Resulta escandaloso que uno de los hombres que más ha hecho por recuperar la memoria de Chaves Nogales sea tildado de revisionista. Y he aquí el pecado original que algunos le imputan a Trapiello: el haberse acercado a la historia con el color de la camisa más pulcro posible, sin la intención de protegerse bajo ningún escudo más que el de la verdad de sus investigaciones. Trapiello escribió Las armas y las letras a pecho descubierto y demostró, como bien apuntó Antonio Casado en Más de uno, que para entender la guerra no solo hay que leer a Araquistáin, Barea o Zubazagoita, sino también a Agustín de Foxá y a Sánchez Mazas. 

Si al menos esto se hubiera quedado en una riña de intelectuales, de admiradores albertianos contra los hechos del propio Alberti, la sangre no hubiera llegado al río. Pero con las declaraciones de la socialista Mar Espinar, mostrando el desagrado de su grupo con la concesión de la Medalla de Oro de la ciudad de Madrid a Trapiello porque consideran «que no se puede premiar el revisionismo de la historia que él representa» el río se ha desbordado. No lo arregló Pepu Hernández, entrevistado por Carlos Alsina, que no supo ni siquiera explicar en qué opiniones no estaban de acuerdo con el autor, porque, por supuesto, ni han leído ni les interesa el trabajo que Trapiello lleva treinta años realizando de forma honesta. 
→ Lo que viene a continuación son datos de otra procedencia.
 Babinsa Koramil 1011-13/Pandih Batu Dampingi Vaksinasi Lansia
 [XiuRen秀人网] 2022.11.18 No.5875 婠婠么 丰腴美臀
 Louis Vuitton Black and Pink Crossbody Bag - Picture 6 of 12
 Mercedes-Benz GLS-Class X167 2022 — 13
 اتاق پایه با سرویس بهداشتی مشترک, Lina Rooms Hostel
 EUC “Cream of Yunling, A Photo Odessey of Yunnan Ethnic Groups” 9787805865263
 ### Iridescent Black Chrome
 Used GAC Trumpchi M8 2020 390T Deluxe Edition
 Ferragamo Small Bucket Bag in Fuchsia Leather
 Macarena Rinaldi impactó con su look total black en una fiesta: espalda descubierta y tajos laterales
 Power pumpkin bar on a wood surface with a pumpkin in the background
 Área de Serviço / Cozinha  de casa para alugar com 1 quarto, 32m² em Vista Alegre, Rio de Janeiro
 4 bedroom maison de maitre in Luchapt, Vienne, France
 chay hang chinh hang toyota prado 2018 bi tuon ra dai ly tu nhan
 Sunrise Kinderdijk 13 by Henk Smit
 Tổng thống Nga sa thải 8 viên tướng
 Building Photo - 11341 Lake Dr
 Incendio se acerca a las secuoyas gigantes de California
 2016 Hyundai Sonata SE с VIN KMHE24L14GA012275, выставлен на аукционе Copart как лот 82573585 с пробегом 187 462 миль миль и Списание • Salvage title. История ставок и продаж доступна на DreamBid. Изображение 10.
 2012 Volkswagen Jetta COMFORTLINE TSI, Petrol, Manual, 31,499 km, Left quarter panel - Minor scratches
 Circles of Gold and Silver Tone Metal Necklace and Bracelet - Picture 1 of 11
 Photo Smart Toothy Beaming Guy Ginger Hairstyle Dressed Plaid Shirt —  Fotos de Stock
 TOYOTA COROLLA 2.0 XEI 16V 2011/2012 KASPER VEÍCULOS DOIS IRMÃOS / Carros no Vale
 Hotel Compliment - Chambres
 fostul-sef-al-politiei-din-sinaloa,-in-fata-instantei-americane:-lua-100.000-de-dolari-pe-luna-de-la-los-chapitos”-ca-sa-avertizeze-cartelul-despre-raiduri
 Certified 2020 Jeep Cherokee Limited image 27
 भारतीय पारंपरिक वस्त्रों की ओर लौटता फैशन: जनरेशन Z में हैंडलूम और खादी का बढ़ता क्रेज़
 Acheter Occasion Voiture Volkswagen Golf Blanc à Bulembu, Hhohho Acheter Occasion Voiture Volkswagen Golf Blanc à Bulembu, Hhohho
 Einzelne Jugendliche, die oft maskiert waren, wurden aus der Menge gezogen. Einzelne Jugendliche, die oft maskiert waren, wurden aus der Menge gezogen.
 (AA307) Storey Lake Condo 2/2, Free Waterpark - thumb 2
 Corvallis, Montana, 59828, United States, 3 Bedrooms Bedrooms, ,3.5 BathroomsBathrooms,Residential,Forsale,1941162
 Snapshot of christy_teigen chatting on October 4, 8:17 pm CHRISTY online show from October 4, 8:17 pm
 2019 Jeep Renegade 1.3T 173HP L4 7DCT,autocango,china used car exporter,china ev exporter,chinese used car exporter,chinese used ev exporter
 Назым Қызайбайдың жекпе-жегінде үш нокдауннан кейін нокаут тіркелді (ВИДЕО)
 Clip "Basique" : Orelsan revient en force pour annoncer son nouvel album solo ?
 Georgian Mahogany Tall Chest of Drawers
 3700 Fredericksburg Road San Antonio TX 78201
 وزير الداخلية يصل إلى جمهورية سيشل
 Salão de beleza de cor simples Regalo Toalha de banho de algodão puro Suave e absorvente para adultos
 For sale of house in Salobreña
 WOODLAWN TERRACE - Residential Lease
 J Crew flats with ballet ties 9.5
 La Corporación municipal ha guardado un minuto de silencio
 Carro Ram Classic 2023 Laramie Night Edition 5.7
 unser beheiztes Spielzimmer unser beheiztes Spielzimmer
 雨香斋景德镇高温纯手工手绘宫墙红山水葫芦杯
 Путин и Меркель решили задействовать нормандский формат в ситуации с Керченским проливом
Conviene recordar que Trapiello fue elegido por la Comisión de la Memoria Histórica del Ayuntamiento de Madrid en la época de Manuela Carmena, un organismo que en la gran mayoría de las veces llegó a acuerdos por unanimidad. Pero el escritor destapó, sobre todo, que la misma izquierda que aprueba una ley para regular la memoria colectiva, carece del conocimiento de la historia. El dogmatismo que está sufriendo esta izquierda se mezcla en ocasiones con la ignorancia, dándose el caso de querer suprimir nombres de calles que nada tuvieron que ver con la Guerra Civil o el Franquismo. 

Trapiello representa una voz discordante en el relato oficial. Un trabajo perseguido e ignorado por aquellos que confunden revisión con honestidad, que temen mirar al pasado con linternas y lupas por si desnudan su presente. Es necesaria su obra para demostrar, como lo hace Payne o García de Cortázar, que execrable fue Queipo de Llano pero también Largo Caballero, Millán-Astray e Indalecio Prieto, y que con la ley en la mano, la misma hecha por la izquierda, ninguno de los cuatro tiene cabida en el callejero.

La conquista del autor reside también en resistir esta nueva censura que pretenden implantar tanto políticos como intelectuales, los de los 26 años de infierno en Madrid, como bien señaló Xavier Pericay. 

Frente al relato heroico de los días de la guerra, leer a Trapiello enseña sobre todo un punto nuclear en el ejercicio intelectual: que los escritores no pertenecen a nadie. No son banderas que arrojar ni soportan ninguna causa, y mucho menos las actuales. Que la historia no es nuestra y que pretender domesticarla solamente crea falsos mitos, ignorantes contemporáneos. Por todo ello hoy me siento más cerca de Andrés Trapiello que de algunos profesores que tuve en la facultad.